According to Zhan Hongge, who has devoted himself
to collecting evidence of the Japanese
invasion, immediately after seizing Beidaying the Japanese
aggressors began to build an 18-meter-high monument and memorial
hall at the site where the first shell had fallen.
By the 1980s and 90s, the monument and hall were
both demolished and, around 2001, real estate companies entered the
area. Since then modern buildings have been erected over historical
sites, gradually reducing Beidaying to ruins.
Eighty-five-year-old Sun Shizhen went to Beidaying
on a secret military mission in 1942. Revisiting, he said he
regretted that, though the remains survived the turmoil of war,
they have been destroyed by today's urban construction.
Li Jian, head of Dadong's Culture and Sports
Bureau, held that as historical sites, the remains of Beidaying
ceased to exist long ago.
Based on a field survey carried out by Li's bureau
in 2003, a work report compiled by Dadong District in June that
year put Beidaying on a list of "already demolished" historical
sites.
When asked why the local government didn't move
soon enough to save Beidaying prior to that, Li said no stress was
laid on the protection of historical sites at the time.
As for the army stable, Li said whether or not it
was a historical site was "decided by the government, not scholars
and experts." As the Beidaying remains as a whole were not
protected, their demolition has been lawful, he explained.
Zhang Yibo confirmed that the second phase of a
General Motors project will be built where Beidaying used to be.
The area now looks like a forest of tall buildings with busy
traffic, and only a "Beidaying Street" road sign evokes memories of
the past.
Zhang
Yibo stands at the demolished stable.
At the beginning of this year, a 100-meter-long
wall of a concentration camp, also located in Dadong and built by
Japanese soldiers to house Allied prisoners of war from 1942 to
1945, was torn down.
According to Beijing-based daily The First
on April 7, a "comfort station" in Nanjing, Jiangsu
Province, where WWII sex slaves were held, is being demolished
too by the local government.

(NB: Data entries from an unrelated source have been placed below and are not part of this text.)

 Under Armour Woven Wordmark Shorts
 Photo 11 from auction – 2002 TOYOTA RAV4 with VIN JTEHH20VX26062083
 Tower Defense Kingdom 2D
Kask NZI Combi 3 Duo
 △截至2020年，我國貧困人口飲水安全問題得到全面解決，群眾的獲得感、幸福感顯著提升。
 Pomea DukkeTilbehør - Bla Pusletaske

The station is considered the largest
and best preserved of its kind in Asia.
These actions have provoked great concern and
outcry among local residents and historical researchers.

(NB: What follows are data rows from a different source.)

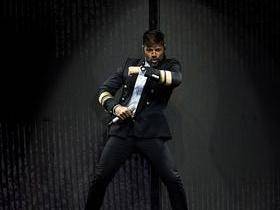 Ricky Martin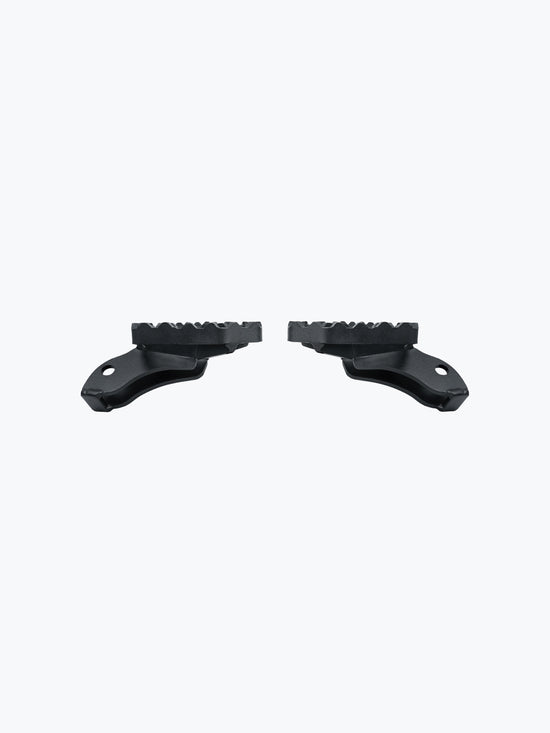 X Pulse 200 Rallytrek Footrest Pair | LEGUNDARY CUSTOMS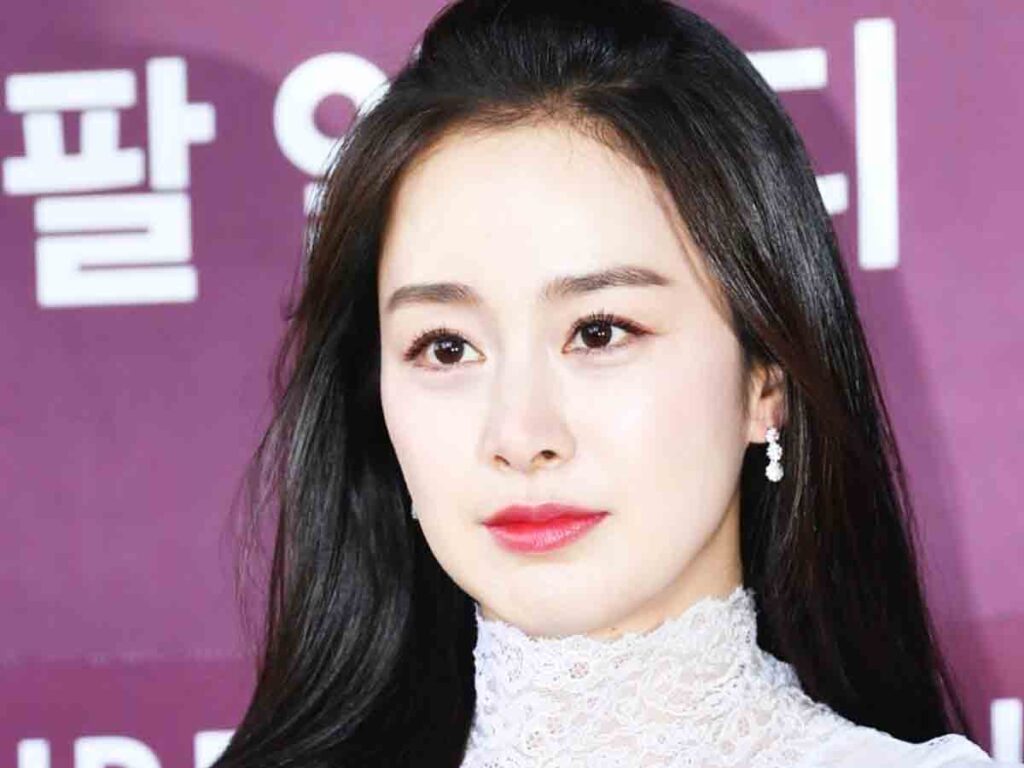 Actrices coreanas super famosas que son madres y siguen brillando 4 Kim Tae Hee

According to Li Jian, a new monument will be
erected at Beidaying's former site.
A nation without memory is hopeless, said Zhang
Yibo, hoping the monument will remind visitors of what happened in
the past.
"In some places, people invest to build tombstones
for popular historical prostitutes like Chen Yuanyuan and Su
Xiaoxiao to promote tourism; but Beidaying with tremendous
historical value had to be demolished for it could not bring about
remarkable economic results. This gives us much food for
reflection," said one anonymous history expert.

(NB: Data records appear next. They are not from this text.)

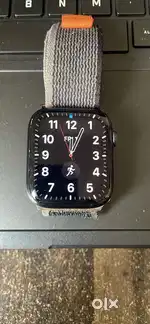 Apple watch 7 45mm cellular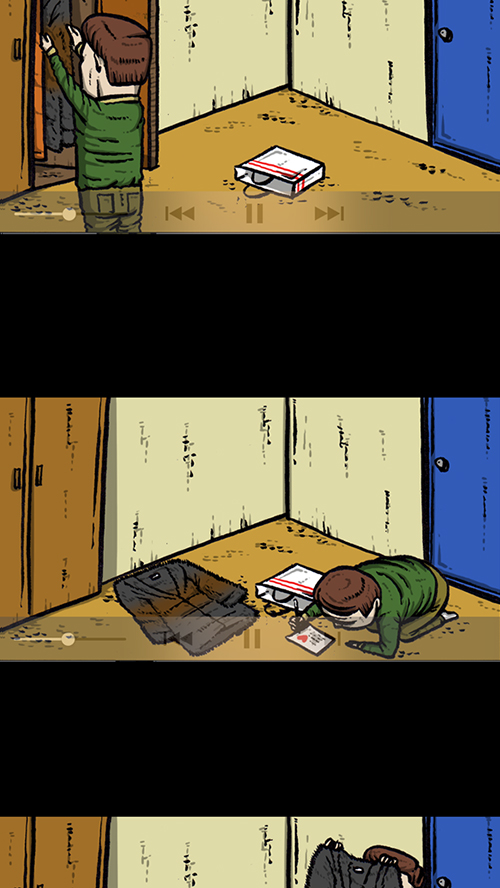 [第144话] 偷拍53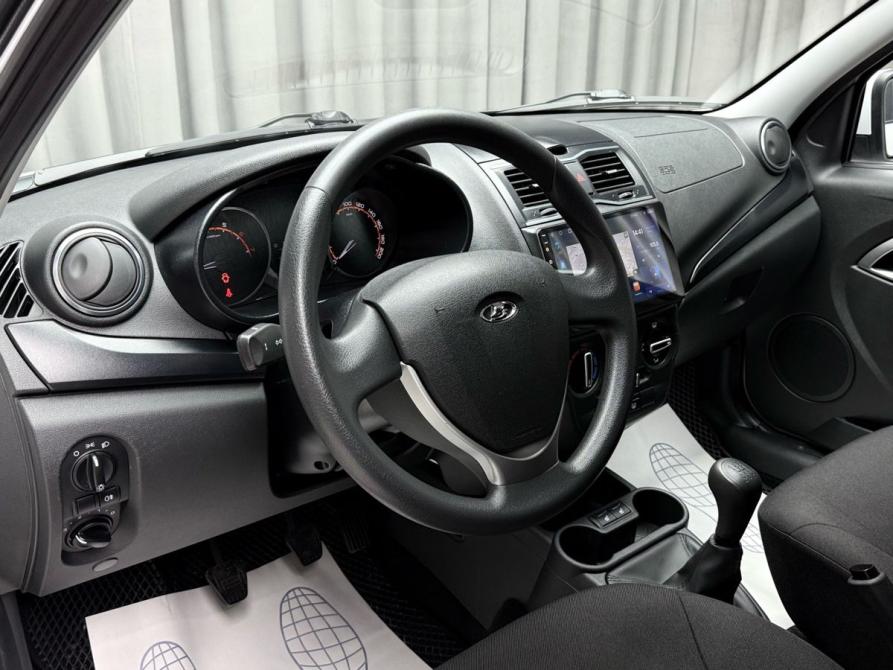 Lada (ВАЗ) Granta I Рестайлинг Ижевск  - изображение 9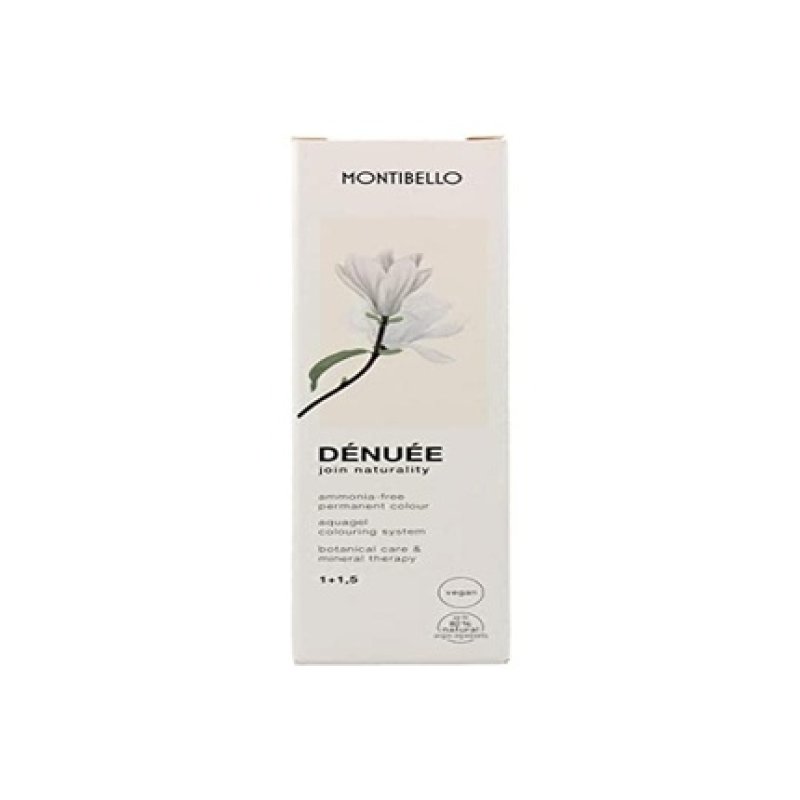 Montibello Denue Ammonia-Free 5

Beidaying was first built in 1907, the 33rd regnal
year of Guangxu of the Qing Dynasty (1644-1911), and covered an
area of nine square kilometers.
File
photo of Beidaying.
On the night of September 18, 1931, the Japanese
army attacked the Kuomintang's Northeastern Army, who were
stationed in the barracks.
Chiang Kai-shek gave a "non-resistance" order and
in the following four months all three northeastern provinces (Heilongjiang,
Jilin
and Liaoning) fell into Japanese hands.